Il doit être placé sur un couvre-cadres spécial, entouré dessus et dessous d’un liteau d’au moins 15 mm.
Mis en place sur la ruche en fin d’après-midi, il permet de récolter une hausse vide d’abeilles le lendemain matin.
C’est de loin, la méthode la plus « confortable », garantie sans piqûres.
Autres avantages : utilisation minimum de la fumée, aucune coulure de miel lorsqu’on enlève la hausse le lendemain (tout a été léché et réparé !).
Le seul inconvénient de cette méthode : elle oblige à intervenir deux fois sur la ruche.
Mais, dans le cadre d’une apiculture de loisir où le rucher est proche de son habitation, est-ce vraiment une contrainte ?
Remarque : le chasse-abeilles est pris en défaut s’il y a du couvain dans la hausse.
A l’apiculteur de faire le nécessaire….
La récolte au répulsif
Elle nécessite un couvre-cadres spécial : cadre à la dimension de la hausse, tendu d’une toile de jute ou autre.
Lors de la récolte on imprègne la toile de quelques gouttes d’un répulsif : benzaldéhyde ou nitrobenzène (essence de mirbane) et on place le couvre-cadres sur la hausse.
En quelques minutes, les abeilles désertent celle-ci pour rejoindre le corps de ruche. On place alors le couvre-cadres sur la hausse de la ruche suivante et on peut enlever la première hausse et la ranger hors de portée des pillardes pendant que le produit fait effet.
On procède ainsi de proche en proche. Pour plus de commodité, et de rapidité il est préférable de travailler avec deux plateaux simultanément. Pour bien fonctionner, la méthode demande une température extérieure propice à l’évaporation du répulsif.
Autres inconvénients qui doivent faire bannir cette méthode : les vapeurs peuvent être toxiques pour l’apiculteur ; il y a un risque de contamination d’odeurs au miel ; enfin, pourquoi introduire des vapeurs de produits chimiques dans la ruche , à plus forte raison lors de la récolte.
Les traitements antivarroas suffisent amplement !
Pour mémoire, cette méthode de récolte est interdite par la Charte de Qualité élaborée par » L’Abeille du Forez « .
La récolte au souffleur
Elle met en œuvre un souffleur thermique et nécessite la présence de deux personnes pour une bonne efficacité.
De ce fait elle est très peu utilisée en apiculture d’amateur et correspond plus à l’apiculture professionnelle. Après enfumage à l’entrée, le couvre-cadres est enlevé et à l’aide du souffleur les abeilles sont en partie refoulées dans le corps de ruche.

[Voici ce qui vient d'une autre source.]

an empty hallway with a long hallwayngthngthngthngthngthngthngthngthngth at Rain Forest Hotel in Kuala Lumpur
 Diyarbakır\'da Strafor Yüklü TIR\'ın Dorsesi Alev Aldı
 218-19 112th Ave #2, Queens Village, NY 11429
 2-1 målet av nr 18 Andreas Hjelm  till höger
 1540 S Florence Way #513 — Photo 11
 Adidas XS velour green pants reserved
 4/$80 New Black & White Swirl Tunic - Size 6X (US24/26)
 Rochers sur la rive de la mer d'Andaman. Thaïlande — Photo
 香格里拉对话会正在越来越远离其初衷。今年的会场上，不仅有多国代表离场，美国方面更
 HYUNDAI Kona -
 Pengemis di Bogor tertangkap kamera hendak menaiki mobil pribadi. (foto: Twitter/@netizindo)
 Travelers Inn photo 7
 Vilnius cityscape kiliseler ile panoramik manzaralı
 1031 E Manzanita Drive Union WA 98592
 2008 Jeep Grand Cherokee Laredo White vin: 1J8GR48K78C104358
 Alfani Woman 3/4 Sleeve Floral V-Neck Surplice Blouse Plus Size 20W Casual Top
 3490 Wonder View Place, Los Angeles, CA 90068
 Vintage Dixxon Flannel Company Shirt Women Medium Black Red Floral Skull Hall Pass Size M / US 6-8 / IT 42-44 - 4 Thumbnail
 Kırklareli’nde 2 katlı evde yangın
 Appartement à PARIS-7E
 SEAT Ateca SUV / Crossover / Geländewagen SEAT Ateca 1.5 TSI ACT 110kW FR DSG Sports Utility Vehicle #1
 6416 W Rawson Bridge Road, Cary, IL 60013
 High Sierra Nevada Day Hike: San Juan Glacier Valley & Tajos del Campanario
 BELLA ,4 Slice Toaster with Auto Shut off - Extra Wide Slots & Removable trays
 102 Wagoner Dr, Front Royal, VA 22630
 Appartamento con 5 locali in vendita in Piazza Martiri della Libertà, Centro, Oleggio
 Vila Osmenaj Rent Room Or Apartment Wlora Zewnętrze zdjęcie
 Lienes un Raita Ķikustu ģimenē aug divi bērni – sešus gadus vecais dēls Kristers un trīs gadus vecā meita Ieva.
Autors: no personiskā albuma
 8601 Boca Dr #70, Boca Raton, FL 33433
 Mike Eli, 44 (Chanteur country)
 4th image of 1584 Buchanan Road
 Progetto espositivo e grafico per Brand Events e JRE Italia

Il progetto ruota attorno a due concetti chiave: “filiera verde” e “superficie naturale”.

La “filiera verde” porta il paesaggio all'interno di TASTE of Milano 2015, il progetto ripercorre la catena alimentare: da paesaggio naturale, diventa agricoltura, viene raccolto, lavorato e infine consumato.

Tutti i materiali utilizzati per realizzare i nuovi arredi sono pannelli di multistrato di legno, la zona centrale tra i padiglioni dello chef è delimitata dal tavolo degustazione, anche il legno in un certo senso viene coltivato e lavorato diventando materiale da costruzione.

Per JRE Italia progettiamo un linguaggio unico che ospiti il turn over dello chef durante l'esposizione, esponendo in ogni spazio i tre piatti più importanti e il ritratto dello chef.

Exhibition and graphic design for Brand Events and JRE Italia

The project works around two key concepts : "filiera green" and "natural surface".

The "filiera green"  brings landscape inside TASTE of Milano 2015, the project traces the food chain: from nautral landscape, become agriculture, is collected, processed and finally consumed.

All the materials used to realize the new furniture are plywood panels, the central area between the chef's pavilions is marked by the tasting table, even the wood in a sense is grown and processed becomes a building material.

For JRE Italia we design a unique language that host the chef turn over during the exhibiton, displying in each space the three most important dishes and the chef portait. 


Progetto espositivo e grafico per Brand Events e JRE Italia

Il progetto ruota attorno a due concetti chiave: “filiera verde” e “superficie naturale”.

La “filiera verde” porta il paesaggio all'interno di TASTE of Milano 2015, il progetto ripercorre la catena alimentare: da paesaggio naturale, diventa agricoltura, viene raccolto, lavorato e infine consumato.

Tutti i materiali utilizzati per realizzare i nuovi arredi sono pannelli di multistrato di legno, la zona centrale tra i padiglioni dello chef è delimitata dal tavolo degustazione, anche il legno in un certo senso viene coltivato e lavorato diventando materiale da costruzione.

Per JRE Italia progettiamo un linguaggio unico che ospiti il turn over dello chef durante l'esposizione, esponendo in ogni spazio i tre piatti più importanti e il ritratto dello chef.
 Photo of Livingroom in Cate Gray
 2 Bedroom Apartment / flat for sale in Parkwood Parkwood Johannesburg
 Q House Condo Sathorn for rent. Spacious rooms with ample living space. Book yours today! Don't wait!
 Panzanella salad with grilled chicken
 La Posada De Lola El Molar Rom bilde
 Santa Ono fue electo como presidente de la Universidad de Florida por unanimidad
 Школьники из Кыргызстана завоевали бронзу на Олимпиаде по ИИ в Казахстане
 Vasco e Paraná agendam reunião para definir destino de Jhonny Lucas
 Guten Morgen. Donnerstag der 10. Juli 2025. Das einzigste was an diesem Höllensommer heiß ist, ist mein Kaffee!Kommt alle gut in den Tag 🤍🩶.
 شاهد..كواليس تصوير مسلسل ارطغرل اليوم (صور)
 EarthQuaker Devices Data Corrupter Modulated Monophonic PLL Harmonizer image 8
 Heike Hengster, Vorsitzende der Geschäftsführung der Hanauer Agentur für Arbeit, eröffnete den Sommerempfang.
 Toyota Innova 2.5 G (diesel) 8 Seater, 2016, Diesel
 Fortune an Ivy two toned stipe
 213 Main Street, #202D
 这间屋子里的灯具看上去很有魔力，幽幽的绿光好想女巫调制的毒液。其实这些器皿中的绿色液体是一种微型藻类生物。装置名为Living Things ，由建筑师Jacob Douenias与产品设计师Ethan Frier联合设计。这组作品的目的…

Puis la hausse est placée de chant et le souffleur est appliqué entre chaque ruelle. Les abeilles sont projetées à l’avant et reviennent à la ruche.
La hausse est alors enlevée d’un bloc lorsqu’elle est pratiquement vide d’abeilles. C’est de loin la méthode la plus rapide, pour ne pas dire expéditive.
Il est à noter que les abeilles ne manifestent aucune agressivité particulière.
Quelle que soit la méthode utilisée, il ne faut pas laisser de cadres garnis à la portée des abeilles, tout comme il faut veiller aux coulures de miel, morceaux de brèches qui tombent à terre ou abandonnés à proximité, voire simples traces de miel sur les ruches : cela risquerait de déclencher un pillage, phénomène qui peut dégénérer très vite parfois (fin de saison) et toujours difficile à maîtriser.
Il est donc bien d’avoir à portée de main un récipient hermétique pour récupérer les brèches et un seau d’eau avec une éponge.
La récolte faite, il conviendra d’extraire le miel le plus rapidement possible, pendant qu’il est encore à la température de la ruche et que sa fluidité favorisera son extraction puis sa décantation.
Ceci est d’autant plus important que la récolte sera faite tardivement avec des températures extérieures qui peuvent être fraîches.